* [What you need to do]: Write out the listing below in its entirety, minus the pictures, without changing a word.

* [Data extract]:
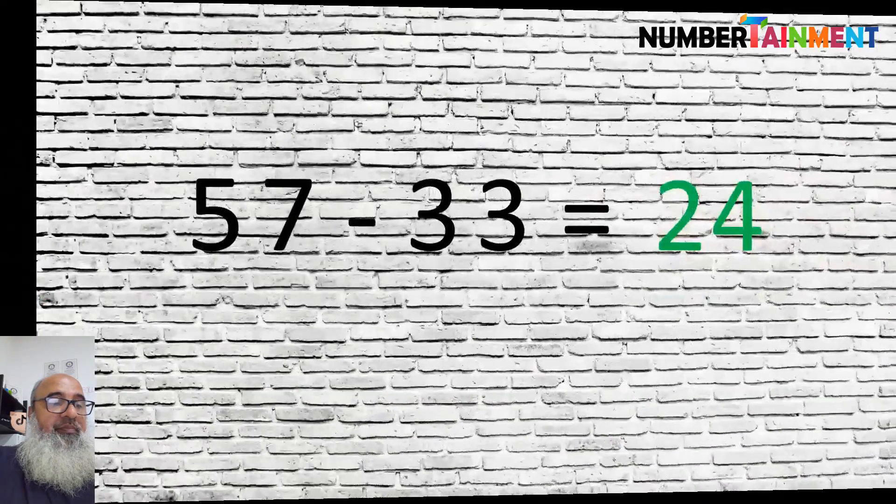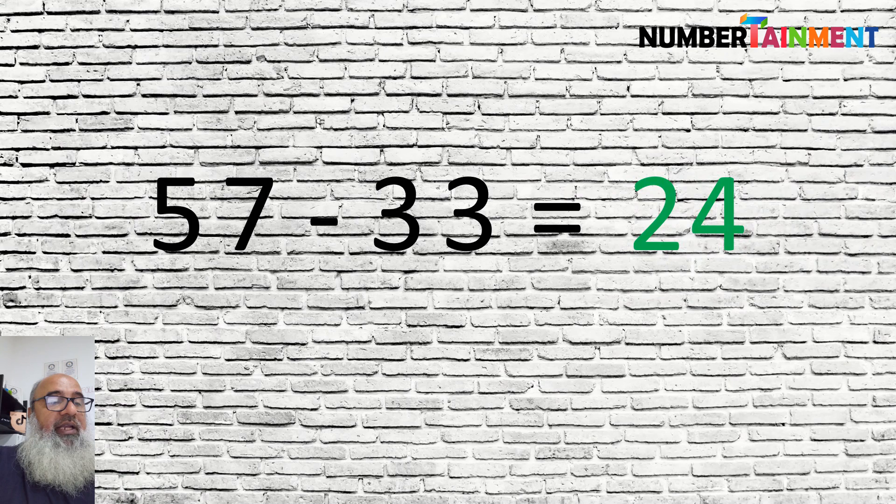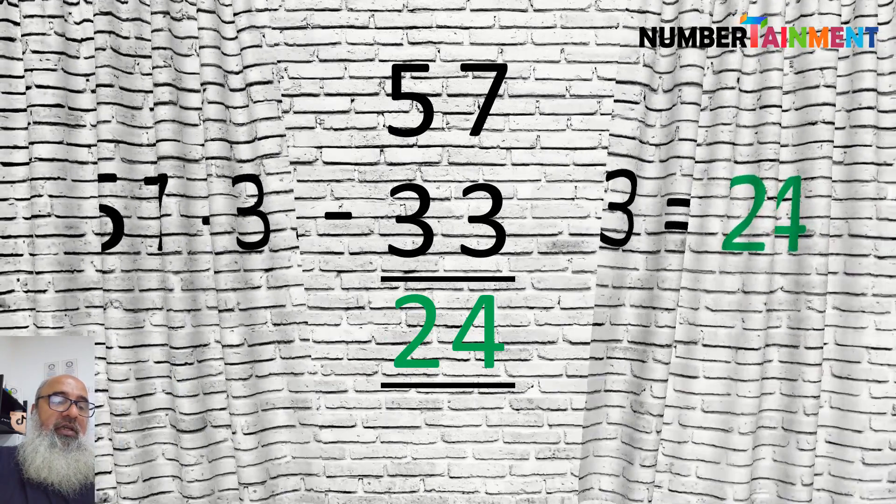Subtractions too are very easy. For example, 57 minus 33 is 24. Just subtract the 10's first, and then subtract the units. And we can imagine it like this, if we like.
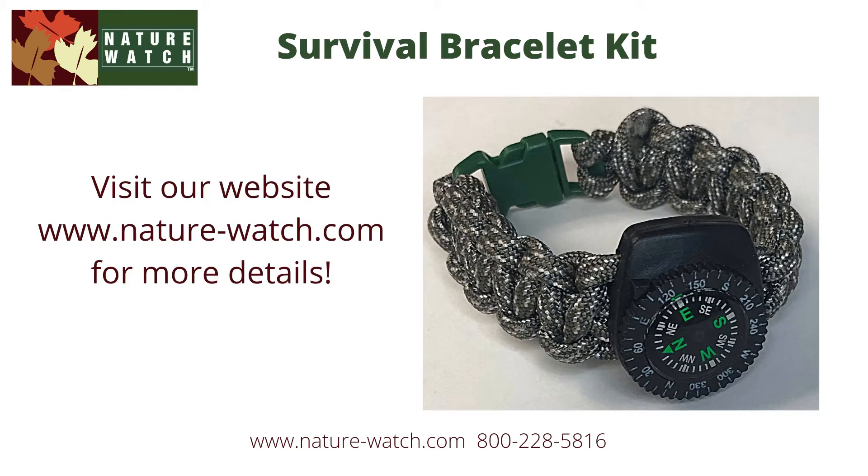Please visit our website at www.nature-watch.com for more information about this kit and many others.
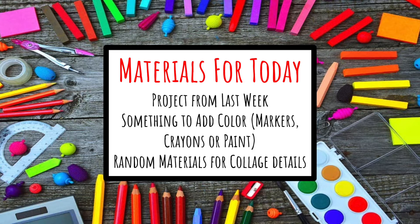You'll also need some random materials for collage making, like scraps of construction paper, magazine articles, or leaves you can gather from outside.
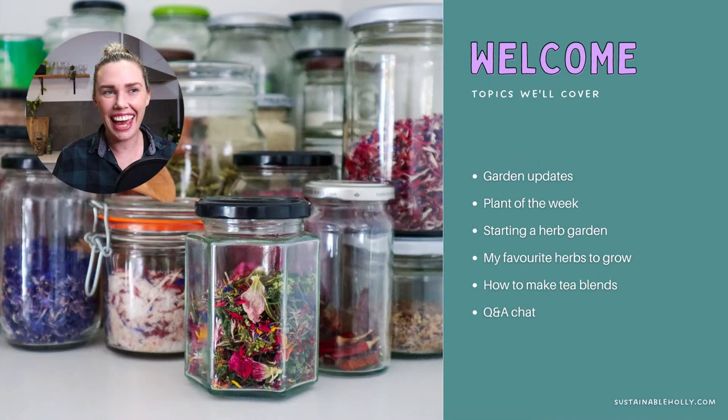Hi everyone and welcome back to another episode of Home Grow on the Live Show, where we talk all about growing food at home to live a bit more of a sustainable lifestyle. Today's episode is going to be all about growing herbs and starting a tea garden so that you can grow your own tea and create your own sustainable supply at home with no chemicals and no plastic packaging. I hope you enjoy this episode — make sure you grab yourself a cup of tea if you haven't got one already.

* [Solution to this exercise]:
Subtractions too are very easy. For example, 57 minus 33 is 24. Just subtract the 10's first, and then subtract the units. And we can imagine it like this, if we like.
Please visit our website at www.nature-watch.com for more information about this kit and many others.
You'll also need some random materials for collage making, like scraps of construction paper, magazine articles, or leaves you can gather from outside.
Hi everyone and welcome back to another episode of Home Grow on the Live Show, where we talk all about growing food at home to live a bit more of a sustainable lifestyle. Today's episode is going to be all about growing herbs and starting a tea garden so that you can grow your own tea and create your own sustainable supply at home with no chemicals and no plastic packaging. I hope you enjoy this episode — make sure you grab yourself a cup of tea if you haven't got one already.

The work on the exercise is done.